Asheville, NCIt can easily be said that the pressure on Coumadin (warfarin) has been off ever since the two newer blood thinners Pradaxa and Xarelto have been on the market and commanding headlines with their inherent lack of antidotes (although a reversing agent for Pradaxa is currently in the pipeline for FDA approval).
In fact, warfarin has benefited from a reputation as a “steady Freddy” anticoagulant for some 50 years, together with the availability of an effective antidote against a serious bleeding event in the form of vitamin K.
However, Coumadin Warfarin is not without its critics, and concerns over various Warfarin side effects remain. For example, the potential for Coumadin birth defects has been known for some time, with the medication guide for warfarin suggesting strict directives for pregnant women to avoid warfarin at all costs due to a high potentiality for bone hypoplasias and brain damage to an unborn fetus.
That hasn’t been a huge concern, in that the vast majority of Coumadin patients are elderly and suffer from atrial fibrillation.

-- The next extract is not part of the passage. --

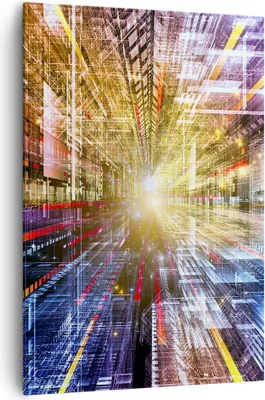 Produktbild von Bild auf Leinwand - Leinwandbild - Einteilig - Grafik Computer Raum Geometrie - 70x100cm - Wand Bild - Wandbilder - Leinwanddruck - Wanddekoration - Leinwand bilder - Wandbild - PA70x100-2350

In order to help prevent a stroke, a blood thinner such as Coumadin is employed.
Warfarin has been hailed for the availability of an antidote - especially in the last few years when Pradaxa and Xarelto appeared on the market without one. But Coumadin has also benefited from the lack of a worthy competitor for decades. And warfarin is not easy to manage, with ongoing monitoring needed to ensure that dietary restrictions are maintained in order to avoid what could be serious food interactions.
Then there’s the fine line between too much warfarin fostering bleeding events and too little, resulting in potential blood clots that could trigger a stroke.
And according to The Virginian-Pilot in Norfolk (7/16/15), in the wrong hands Coumadin can be a killer.
An analysis of government inspection reports by ProPublica shows that from 2011 through 2014, at least 165 residents of nursing homes were hospitalized or died from errors involving Coumadin or generic warfarin. Studies have also suggested, according to The Virginian-Pilot, that thousands more Coumadin patients are injured each year - injuries that are not reported and thus, never investigated.
A 2007 peer-reviewed study in the American Journal of Medicine estimated that nursing home residents suffer 34,000 fatal, life-threatening or serious events related to Coumadin Warfarin each year.
In two examples, an 89-year-old grandmother of eight died from internal bleeding after a San Diego nursing home facility gave her an antibiotic that multiplies the effects of Coumadin, and then failed to alert Delores Huss’s physician that she required additional blood tests to measure how long it was taking her blood to clot.
In another case, Shirley Reim was hospitalized with blood clots in her legs after a Minnesota nursing home failed to give her Coumadin for 50 days in succession. The woman was recovering from hip replacement surgery. The facility also failed to perform the blood test ordered by her doctor. Reim suffered permanent damage as a result. Details of the cases were gleaned from government inspection reports and Coumadin lawsuits filed by the patients’ families, which were settled confidentially.
“It’s an insidious problem,” said Rod Baird, president of Geriatric Practice Management, a firm that creates electronic health records for physicians working in long-term care facilities, in comments published in The Virginian-Pilot. Because it’s so easy to get wrong, “Coumadin is the most dangerous drug in America.”